ALS (Amyotrophic Lateral Sclerosis), is a progressive neurodegenerative disease that affects nerve cells in the brain and spinal cord.


A-myo-trophic comes from the Greek. "A" means no. "Myo" refers to muscle, and "Trophic" means food - "No muscle food." When the muscles do not exist or do not get food, then the muscles will shrink or be called "atrophy". "Lateral" identifies an area in the spinal cord that is where nerve cells signal and control the muscles. When this area suffers a setback, scarring or hardening ("sclerosis") is formed in the region. Thus, it is referred to as Amyotrophic Lateral Sclerosis.

 

Motor neurons (motor nerves) stretch from the brain to the spinal cord and from the spinal cord to muscles throughout the body. Progressive degeneration of the motor nerve in ALS eventually leads to the death of these nerve cells. When the motor nerve dies or does not function, then the brain loses the ability to start and control muscle movements. With this progressive loss of ability, people may lose the ability to speak, eat, move, and breathe.

This disease arises without knowing the cause or also called "sporadic". This form is the most common and can occur in anyone and anywhere. The second form is called FAMILIAL ALS which is in its lineage there are those who suffer from ALS. So, in the family there is a 50% chance of each offspring inheriting a gene mutation and be able to develop the disease

Symptoms and Diagnosis

Symptoms

ALS is a disease whose symptoms arise gradually. Early symptoms of ALS can vary greatly in different people. A person may have difficulty grasping a pen or lifting a coffee cup, while others may experience a change in tone of voice while speaking.  The rate of development of the disease can vary greatly from one person to another. Even so, the average survival time of ALS sufferers is three to five years, some people can live up to 10 years or more. Symptoms can begin in the muscles that control speech and swallowing or in the hands, arms, limbs or legs. Not everyone with ALS experiences the same symptoms or the same sequence or pattern of development.
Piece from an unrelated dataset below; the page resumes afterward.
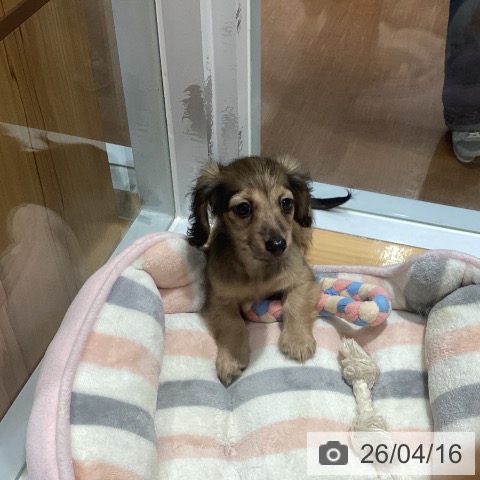 神奈川県のカニンヘンダックスフンド(ロング) (ペットプラス ビアレ横浜店/2026年1月21日生まれ/男の子/シェーデットイエロー)の子犬の3枚目の画像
However, progressive muscle weakness and muscle paralysis, are commonly experienced by all sufferers.

The gradual onset of progressive muscle weakness - which is generally painless - is the most common early symptom in ALS. Other early symptoms vary but can include frequent tripping, something being held often falls, abnormal fatigue on the arm and/or on the legs, unclear speech, muscle cramps and twitches, and/or periods of uncontrollable laughing or crying. When the respiratory muscles are affected, it is ultimately necessary continuously for respiratory aids. Since ALS only attacks motor neurons, the senses of vision, hearing, touch and taste and smell are not affected. For most sufferers, the eye muscles and bladder muscles are generally unaffected.

Diagnosis 

ALS is a difficult disease to diagnose. There is not a single test or procedure to establish an ALS diagnosis. Diagnosis is established based on clinical examinations and a series of diagnostic tests. This is to get rid of other diseases with the same symptoms. Comprehensive diagnostic checks cover most, if not all, the following procedures:

  • Electrodiagnostic examination including electromyography (EMG) and neural conduction speed 
  • Blood and urine examination including high resolution serum protein electrophoresis, thyroid and parathyroid hormone levels and 24-hour urine collection for heavy metal 
  • Spinal tap
  • X-rays, including magnetic resonance imaging (MRI)
  • Cervical spine myelogram 
  • Muscle and/or nerve biopsy
  • A thorough neurological examination

These tests are carried out at the doctor's discretion and usually based on the results of other diagnostic tests and physical examinations. There are several other diseases that have some of the same symptoms as ALS, and most of these other diseases are treatable.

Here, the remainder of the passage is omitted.